:: Instructions to follow ::
Among the lines below, copy exactly those from the one with "bas gitara: Basketbol" through the one with "Stolen Girlfriends Club", counting both ends.

:: Data records ::
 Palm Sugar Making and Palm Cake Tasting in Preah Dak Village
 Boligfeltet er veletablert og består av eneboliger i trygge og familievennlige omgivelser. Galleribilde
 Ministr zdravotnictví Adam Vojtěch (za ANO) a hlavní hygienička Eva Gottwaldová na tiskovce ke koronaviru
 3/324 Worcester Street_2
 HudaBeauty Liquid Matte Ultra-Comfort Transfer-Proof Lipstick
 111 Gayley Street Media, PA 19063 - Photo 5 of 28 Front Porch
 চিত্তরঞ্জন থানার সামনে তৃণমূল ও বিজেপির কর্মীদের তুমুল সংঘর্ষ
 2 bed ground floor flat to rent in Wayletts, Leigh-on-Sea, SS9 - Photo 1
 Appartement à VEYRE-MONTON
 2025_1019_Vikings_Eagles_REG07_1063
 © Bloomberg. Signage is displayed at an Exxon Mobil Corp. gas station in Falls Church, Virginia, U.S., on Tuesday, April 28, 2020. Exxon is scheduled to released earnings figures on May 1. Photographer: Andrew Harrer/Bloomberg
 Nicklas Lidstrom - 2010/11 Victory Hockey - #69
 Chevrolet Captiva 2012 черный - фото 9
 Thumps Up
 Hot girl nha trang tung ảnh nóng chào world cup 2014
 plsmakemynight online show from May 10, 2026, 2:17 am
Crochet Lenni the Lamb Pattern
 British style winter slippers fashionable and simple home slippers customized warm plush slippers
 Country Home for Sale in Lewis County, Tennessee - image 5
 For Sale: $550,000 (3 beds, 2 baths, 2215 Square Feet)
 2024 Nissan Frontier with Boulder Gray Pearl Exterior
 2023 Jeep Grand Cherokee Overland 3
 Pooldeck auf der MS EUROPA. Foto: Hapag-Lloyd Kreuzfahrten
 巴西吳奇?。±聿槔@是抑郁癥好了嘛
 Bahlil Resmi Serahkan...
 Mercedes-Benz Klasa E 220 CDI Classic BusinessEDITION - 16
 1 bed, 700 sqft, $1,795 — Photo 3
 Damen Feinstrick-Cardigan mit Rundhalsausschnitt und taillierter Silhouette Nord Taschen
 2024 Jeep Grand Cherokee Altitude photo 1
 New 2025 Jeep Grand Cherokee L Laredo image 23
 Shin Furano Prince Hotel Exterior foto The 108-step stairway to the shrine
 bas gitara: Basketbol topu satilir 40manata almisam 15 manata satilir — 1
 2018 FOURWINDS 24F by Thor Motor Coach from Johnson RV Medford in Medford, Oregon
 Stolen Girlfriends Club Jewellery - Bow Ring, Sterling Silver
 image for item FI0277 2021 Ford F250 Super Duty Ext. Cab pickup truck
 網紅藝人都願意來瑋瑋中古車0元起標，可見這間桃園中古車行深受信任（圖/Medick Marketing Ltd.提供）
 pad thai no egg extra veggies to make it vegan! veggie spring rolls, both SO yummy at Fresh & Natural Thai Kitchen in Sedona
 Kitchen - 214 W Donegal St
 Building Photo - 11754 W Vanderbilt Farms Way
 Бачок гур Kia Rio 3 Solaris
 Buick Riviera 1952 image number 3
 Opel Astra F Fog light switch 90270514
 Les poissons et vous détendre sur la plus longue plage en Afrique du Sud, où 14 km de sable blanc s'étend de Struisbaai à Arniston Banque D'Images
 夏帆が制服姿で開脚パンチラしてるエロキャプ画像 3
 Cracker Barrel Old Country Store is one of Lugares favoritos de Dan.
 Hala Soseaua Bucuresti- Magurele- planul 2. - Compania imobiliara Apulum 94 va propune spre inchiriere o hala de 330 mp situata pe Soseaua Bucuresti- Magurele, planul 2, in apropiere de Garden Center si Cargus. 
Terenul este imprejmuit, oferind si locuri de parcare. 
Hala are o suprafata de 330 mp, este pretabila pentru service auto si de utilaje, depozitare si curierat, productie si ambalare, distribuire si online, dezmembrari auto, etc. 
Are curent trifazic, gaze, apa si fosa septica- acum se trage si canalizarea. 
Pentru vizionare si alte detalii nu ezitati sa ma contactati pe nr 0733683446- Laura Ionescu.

:: Task solution ::
 bas gitara: Basketbol topu satilir 40manata almisam 15 manata satilir — 1
 2018 FOURWINDS 24F by Thor Motor Coach from Johnson RV Medford in Medford, Oregon
 Stolen Girlfriends Club Jewellery - Bow Ring, Sterling Silver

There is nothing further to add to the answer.